According to the Second Circuit, it need not determine “the precise contours of the test for executoriness” because the bankruptcy court determined that the parties’ unperformed obligations under the project agreement satisfied the “Countryman standard” as of the bankruptcy petition date. It rejected COR’s contentions that the agreement should not be treated as an executory contract because the agreement is actually a “financing lease,” a “prepaid option,” or a form of secured real estate transaction that is not subject to the rules governing executory contracts in section 365 of the Bankruptcy Code. The facts of this case, the court concluded, do not support the legal conclusion that the project agreement was anything other than an executory contract.
Emphasizing that “[e]xecutoriness and the debtor’s rights with respect to assumption or rejection of an executory contract are normally assessed as of the petition date,” the Second Circuit distinguished the facts in this case from those considered by courts that have invoked the “post-petition evaluation principle.” In this case, the court explained, the project agreement had not expired prior to PTC’s decision to reject it, nor had PTC acted affirmatively in any way that affected the existence of outstanding performance obligations. The court acknowledged that the Bankruptcy Code creates an uneven playing field when it comes to executory contracts, but for important reasons:
Sympathy for the non-debtor that may, through no fault of its own, bear some significant burden from the debtor’s rejection of an executory contract due to the happenstance of an unforeseen bankruptcy proceeding is understandable. The notion that a non-debtor could prevent the exercise of § 365 rights with regards to an executory contract through post-petition performance of the non-debtor’s contractual obligations is, however, inconsistent with both the plain language and the policy of the Code. . . . The Code does not condition the right to assume or reject on lack of prejudice to the non-debtor party, and the satisfaction of claims at less than their full non-bankruptcy value is common in bankruptcy proceedings, as is the disruption of non-debtors’ expectations of profitable business arrangements.
In keeping with the policy considerations underlying section 365, the court emphasized, the power to elect whether to assume or reject an executory contract is “that of the debtor alone,” regardless of the “onerous dilemmas” faced by a nondebtor contracting party forced to languish in statutory limbo while the DIP or trustee deliberates on the question. The debtor’s interests, the Second Circuit concluded, “are paramount in the balance of control.”

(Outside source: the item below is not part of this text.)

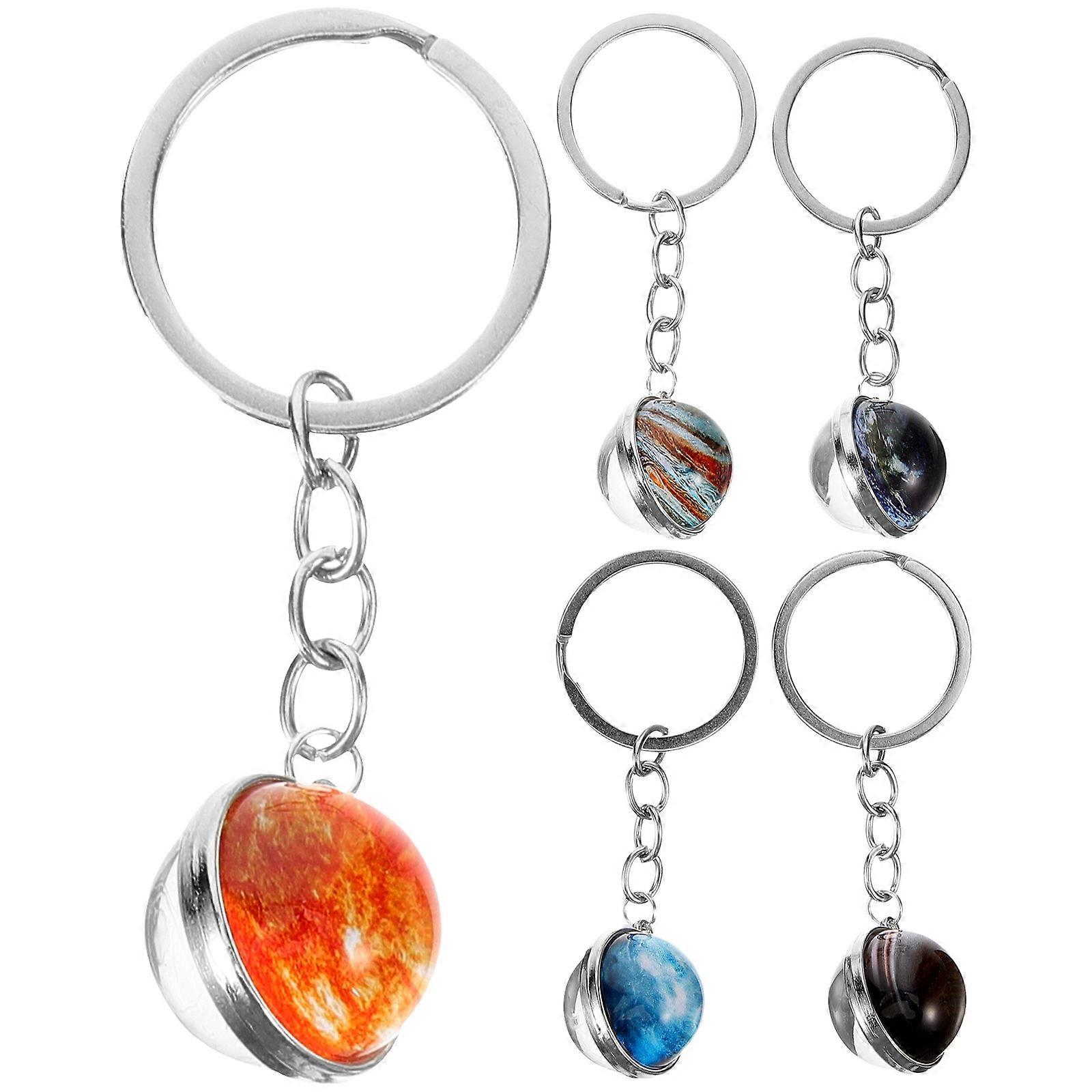 装飾用アソートカラー亜鉛合金プラネットキーホルダープレミアム品質クリエイティブリングサイズ5個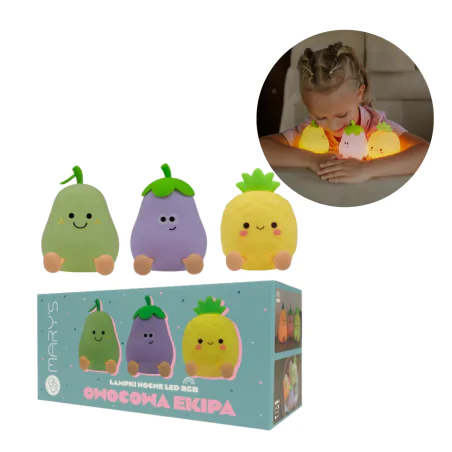 Oswietlenie-do-pokoju-dzieciecego - zestaw lampek nocnych owoce led 3w1 prezent dla dziecka interblue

Penn Traffic could have squelched any further debate (at least in the Second Circuit) concerning the right of a DIP or trustee to assume or reject contracts that are executory as of the bankruptcy petition date, but it does not. The Second Circuit avoided adopting a bright-line rule on the issue, opting instead to leave open the possibility that, under certain circumstances, post-petition events can strip a DIP of its rights under section 365 by revoking a contract’s “executory” status on the petition date. This approach was characterized by the court as a “deviation from the general rule.” The Bankruptcy Code generally establishes the bankruptcy petition date as the point of reference for determining the legal status of various rights, claims, and interests, unless it expressly provides otherwise. Under the Second Circuit’s ruling, a DIP in some cases may still face the risk of forfeiting its right to assume or reject a contract under the “post-petition evaluation principle.”